SpyroSoft
An Oracle11g Database Migration to PostgreSQL in Practice
Łukasz Macuga
October 11, 2018

Recently on our client’s request,  we’ve had an opportunity to perform an Oracle11g database migration to PostgreSQL in an infrastructure of one of our existing production.

As of very strict security policy on the client’s side, we were not allowed to access database servers directly via SSH and create any dumps for our use. Therefore, we’ve decided to utilize a useful tool – Ora2Pg, to do the heavy lifting for us. This software was developed by Gilles Darold and is distributed as Open Source project. Once the environment was setup, with the help of Ora2Pg, we were able to migrate the production database of estimated size of 15 GB in about 30 minutes.

In this article, we will go through some steps required to accomplish this task.

Installation of dependencies

To setup the environment I recommend using Docker UNIX based container (you can also use Debian or if you prefer lightweight distribution – try Alpine), as it requires installation of a few additional tools and adding some environment variables. With such a prepared image we are able to easily use it multiple times in different environments.

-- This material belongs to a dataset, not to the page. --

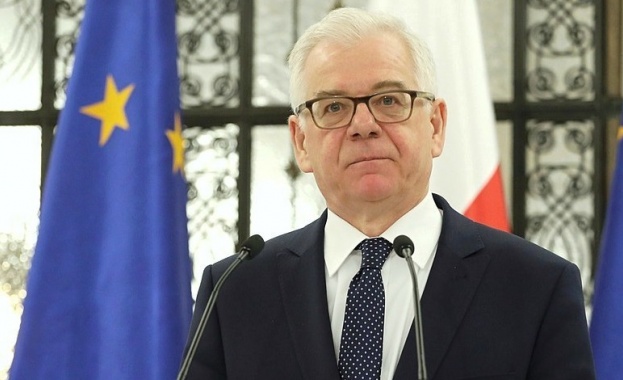 Полският външен министър Яцек Чапутович подаде оставка Това съобщиха на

At first, we need to install Oracle client libraries:

apt-get install unzip
apt-get install alien
apt-get install libaio1
apt-get install unixodbc
#Unzip oracle-xe-11.2.0-1.0.x86_64.rpm.zip
cd Disk1
alien --scripts -d oracle-xe-11.2.0-1.0.x86_64.rpm
dpkg -i oracle-xe_11.2.0-2_amd64.deb

In order to setup the environment variables paste the following lines to

/etc/bash.bashrc

export ORACLE_HOME=/u01/app/oracle/product/11.2.0/xe
export ORACLE_SID=XE
export NLS_LANG=`$ORACLE_HOME/bin/nls_lang.sh`
export ORACLE_BASE=/u01/app/oracleexport
LD_LIBRARY_PATH=$ORACLE_HOME/lib:$LD_LIBRARY_PATH
export PATH=$ORACLE_HOME/bin:$PATH

then execute

source /etc/bash.bashrc

and

echo $ORACLE_HOME

to ensure that the variable is set properly.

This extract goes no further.